Boingvert Exercises |top| May 2026

The Boingvert Manifesto: Lessons in Falling Upward

Forget the pull-up. Forget the push-down. The exists in the perpendicular squeak. boingvert exercises

Do ten Boingverts each morning. By noon, you will answer every question with a small, involuntary hop. By sunset, you will realize that all movement is just falling in a direction you chose half a second ago. The Boingvert Manifesto: Lessons in Falling Upward Forget

From the Silent Boing, launch upward—but mid-flight, tuck your chin to your chest and rotate backward . This is not a backflip. A backflip is arrogant. The Reverse Plonk is a surrender: you become a ball of human rubber, turning your gaze to the sky you just left. At the apex, whisper: "Down is just a suggestion." Do ten Boingverts each morning

Lie on your back. Now, without using your arms, try to stand up—but only by bouncing your tailbone against the mat. Each bounce adds a vertebra. Boing. Vertebra. Boing. Vertebra. At the halfway point, you will look like a seal doing crunches. By the final bounce, you are upright again, breathing hard, having done exactly zero useful work.

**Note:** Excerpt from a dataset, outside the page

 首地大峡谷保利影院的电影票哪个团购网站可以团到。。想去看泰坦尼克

Land on your hands. No—don't crumple. Your palms should slap the mat with the same energy as a judge’s gavel. Your feet now point at the ceiling fan. You are upside down, but you are boinging . Your spine is a spring again, but now it’s compressed vertically in reverse.

And when someone asks you, "What are you doing?" Smile. Bounce once. Say: "Boingvert. The art of not landing until you decide to." Want me to turn this into a printable poster or a short video script?